In relation to the side 4 of the housing 2, in the region of the inlet 27 of the lower air flow duct 20 according to fig. 4 and 5, an exhaust filter element 28 is arranged, which is permanently traversed on one side by the ventilation medium flow 10. The exhaust filter element 28 is also responsible for the ventilation medium flow 10, through which the dirt particles are removed, and the components which flow through the ventilation device 1. A possible accumulation of dirt in the air flow channels 17, 18, 20 and the heat accumulator 11 is thereby avoided. Cleaning or replacement of the exhaust filter element 28 can be achieved by simply pulling out from the inside of a space configured as a box, not shown, of a filter holder, which is positioned in the lower plane of the air guide module.

Furthermore, the intake fan 21 according to fig. 4 and 6 is arranged in the lower plane 15 of the housing 2, while the exhaust fan 22 according to fig. 3 and 5 faces the upper plane 14 of the housing 2. The division in the respective plane 14, 15 provides for a complete utilization of the power of the blower 21, 22 in the design of the blower 21, 22 which is as large as possible.

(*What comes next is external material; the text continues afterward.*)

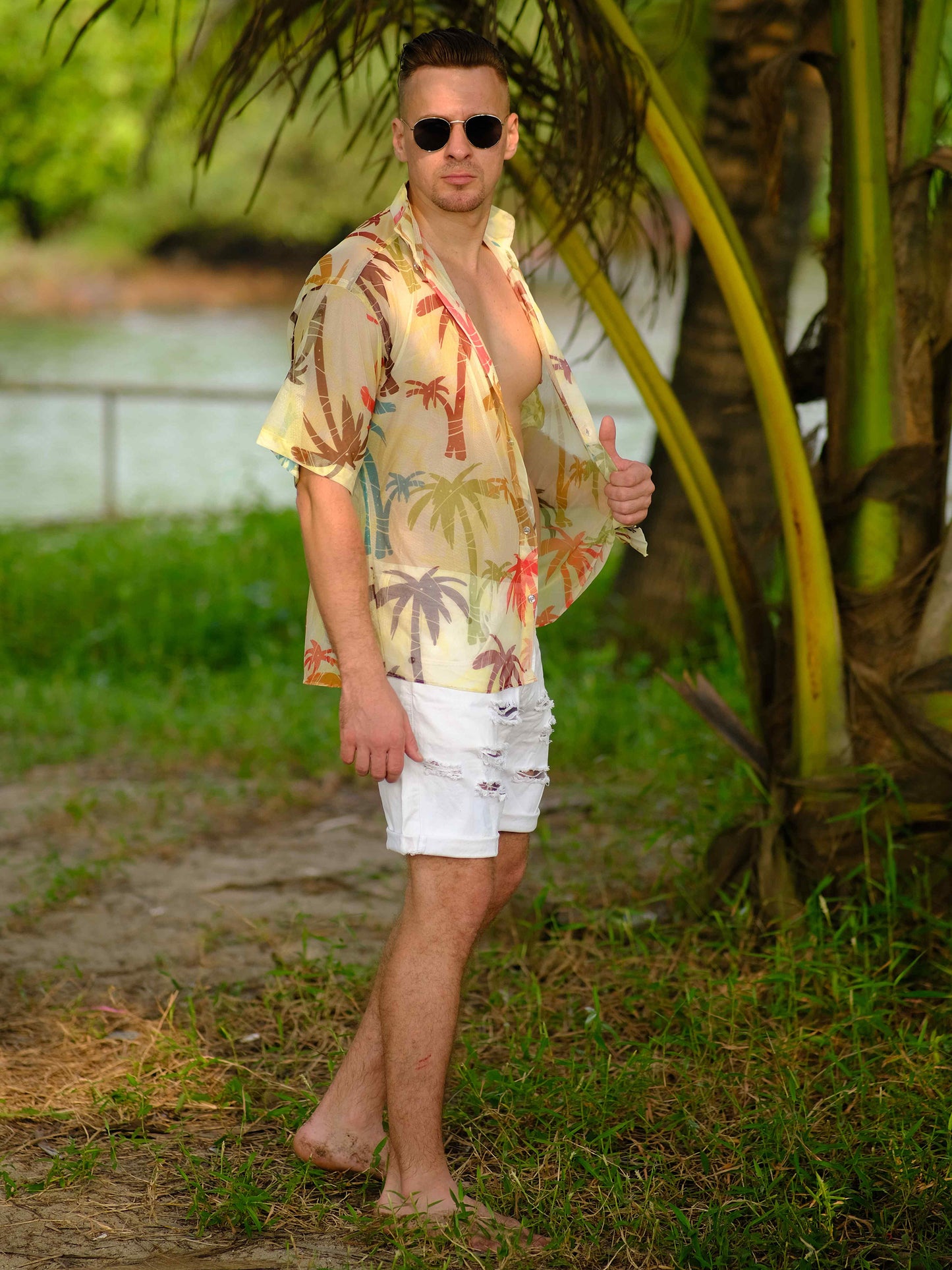Men's Sunlit Palms Printed Beach Travel Shirt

It is also clear from fig. 2 that, for example for cleaning purposes, the housing 2 is divided modularly from the space interior 5 over the length L of the ventilation device 1 into three sections 29, 30, 31, wherein the middle section 30 provides the technical module 32 and the outer sections 29, 31 each provide the air guiding module 33. Each individual section 29, 30, 31 is therefore mounted in the housing 2 in such a way that it can be introduced into the housing in a movable manner and removed therefrom when required. By separating the sections 29, 30, 31, the weight is distributed to the components, which is shown as a further advantage for mounting and dismounting.

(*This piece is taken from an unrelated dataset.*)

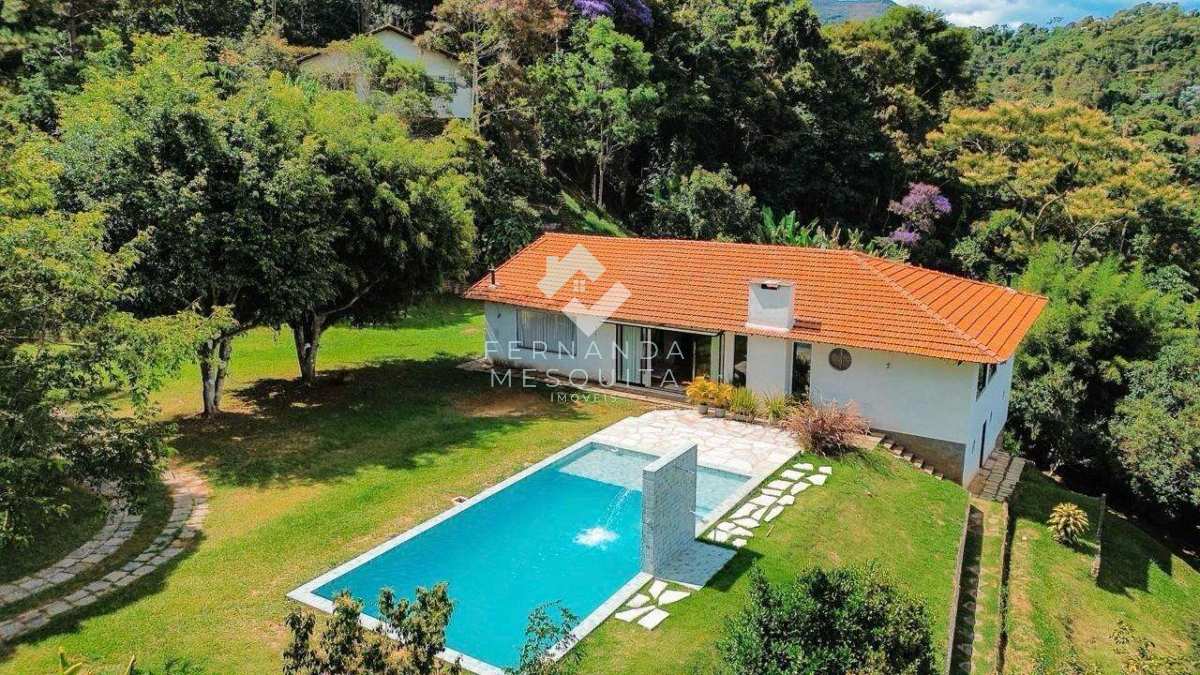 Casa à venda com 4 quartos, 270,39m² - Parque do Imbuí,Teresópolis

In particular in the technical module 32 according to fig. 7 and 8, a possible fine adjustment of the ventilation device 1 can be carried out simply. For this purpose, all functional and regulating components, such as the closing and opening device 12, the exhaust and intake fans 21, 22 and a control unit 34 with a circuit board for coupling the electrically operated drives and sensors, are accommodated in the technical module 32. Preferably, in the air guide module 33 according to fig. 3 to 6, air flow channels 17, 18, 19, 20, the regenerator unit 11 and the exhaust and intake filter elements 23, 28 are arranged. The heat accumulator 11 located in the air flow channels 17, 18, 19, 20 receives the temperature of the air with a constant flow of air (as specified by the design of the ventilation device 1). The heat accumulator 11 cools if, for example, a cooler ventilating medium flow 9 is drawn in from the outside 7. When the ventilation medium flow 10 then flows from the space interior 5 to the exterior 7, the heat accumulator 11 cools the ventilation medium flow 10 and is heated there. When the air flow direction is reversed again, the heat accumulator 11 acts like a heat exchanger, heats the intake air and cools itself again there.

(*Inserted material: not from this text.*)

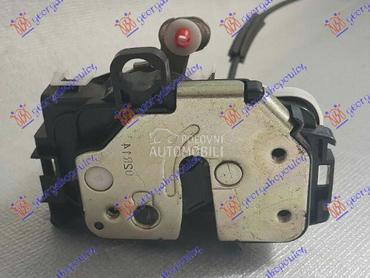 BRAVA PREDNJIH VRATA (CENTRALN za Fiat 500 od 2007. do 2015. god.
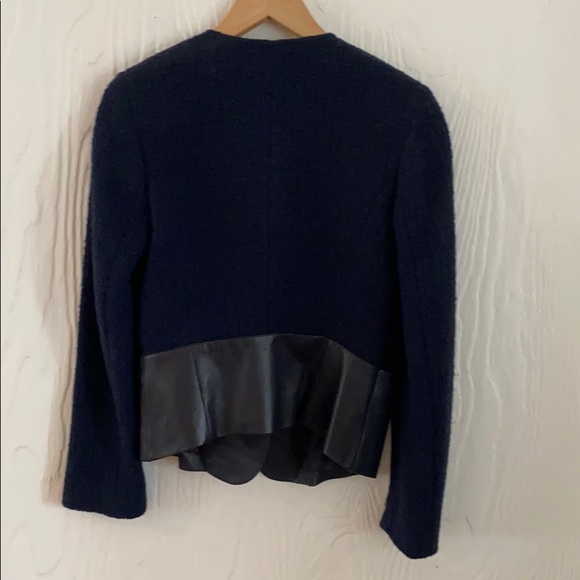 Vince navy boucle and leather blazer - Picture 4 of 5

The heat accumulator 11 is well suited for processes which consist of a ceramic or metallic storage substance and which comprise a plurality of channels. Ceramic, metallic or plastic storage masses achieve a high thermal capacity due to the material selection and shaping. Due to the regular and transition-free spacing of the ventilation and ventilation medium flows 9, 10, the heat accumulator 11 of the ventilation device 1 is dried by heating due to high heat absorption in the event of possible moisture formation. The heat accumulator 11 according to fig. 3 and 5 is preferably shown in a plan view and in a front view in fig. 2, and is of identical design, which prevents confusion during installation and which has a positive effect on the functional balance during the operating state of the ventilation device 1. A plurality of regenerators 11 may also be separately arranged in the air flow channels 17, 18, 19, 20, as required.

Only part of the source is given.